How can a computer chip the size of a human hair enhance the future of quantum computing? This is what a recent study published in Nature Communications hopes to address as a team of researchers investigated a new device that could greatly reduce the size of quantum computers. This study has the potential to help scientists and engineers develop new and exciting methods for quantum computers, which can conduct tasks with far greater efficiency than classical computers.

For the study, the researchers presented a novel device estimated to be 100 times smaller than a human hair, but capable of potentially advancing quantum computing using lasers controlling basic quantum information units called qubits. Laser power is produced through microwave-frequency vibrations at billions of times per second, enabling laser beam control, improving both power and efficiency.

“You’re not going to build a quantum computer with 100,000 bulk electro-optic modulators sitting in a warehouse full of optical tables,” said Dr. Matthew Eichenfield, who is a Professor of Optical Sciences at the University of Arizona and a co-author on the study. “You need some much more scalable ways to manufacture them that don’t have to be hand-assembled and with long optical paths.

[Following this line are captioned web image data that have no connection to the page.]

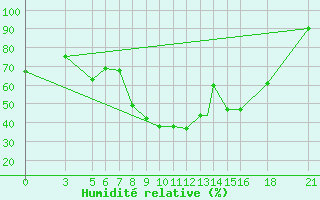 Courbe de l'humidit relative pour Vitebsk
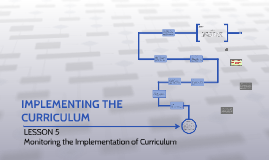 curriculum factors delivery influence prezi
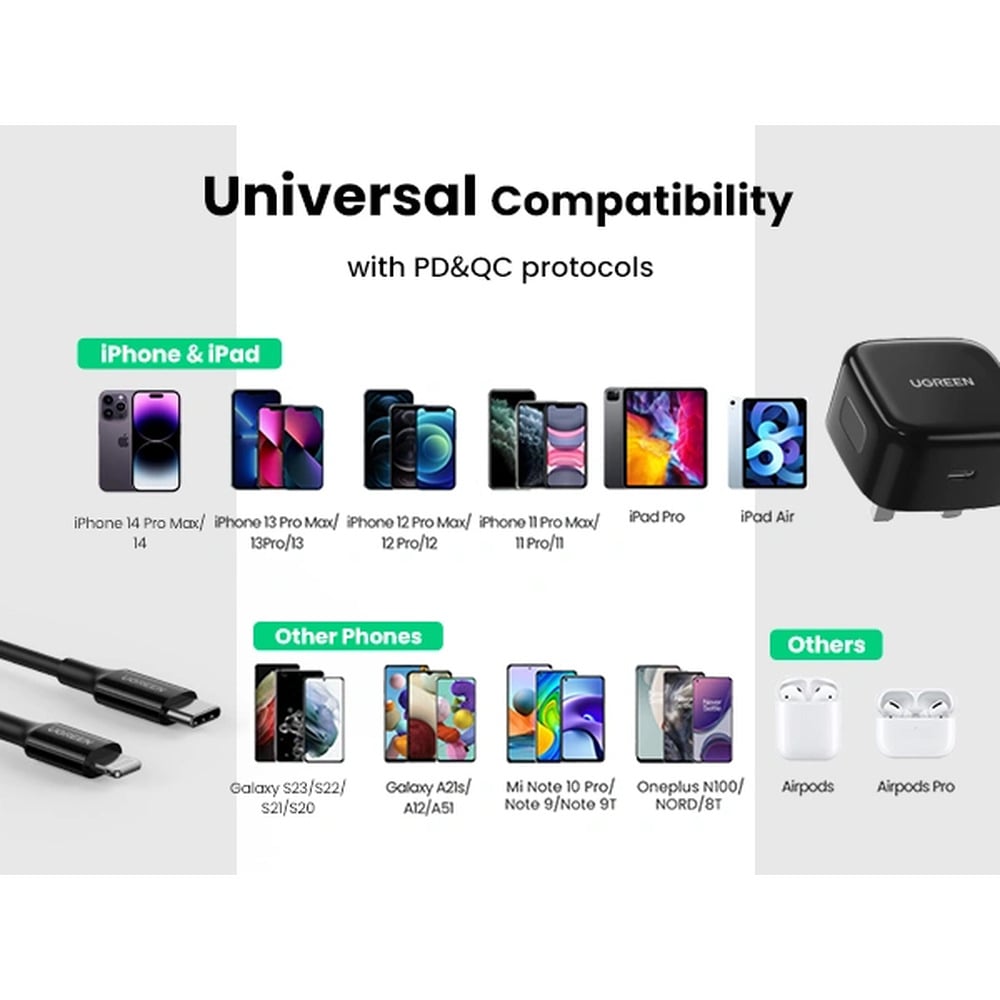 UGREEN 60624 20W Type-C PD Fast Charger UK +Type-C to Lightning MFI Certified 1M Cable Suit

While you’re at it, if you can make them all fit on a few small microchips and produce 100 times less heat, you’re much more likely to make it work.”

First proposed in the early 1980s, quantum computing is predicted to have the potential to solve problems with greater efficiency and speed than classical computers by harnessing quantum effects like superposition and entanglement. The applications of quantum computing include cryptography, materials and drug discovery, climate and financial modeling, optimization, and simulating complex quantum systems fundamental to physics and chemistry.

How will this new device enhance quantum computers in the coming years and decades? Only time will tell, and this is why we science!

As always, keep doing science & keep looking up!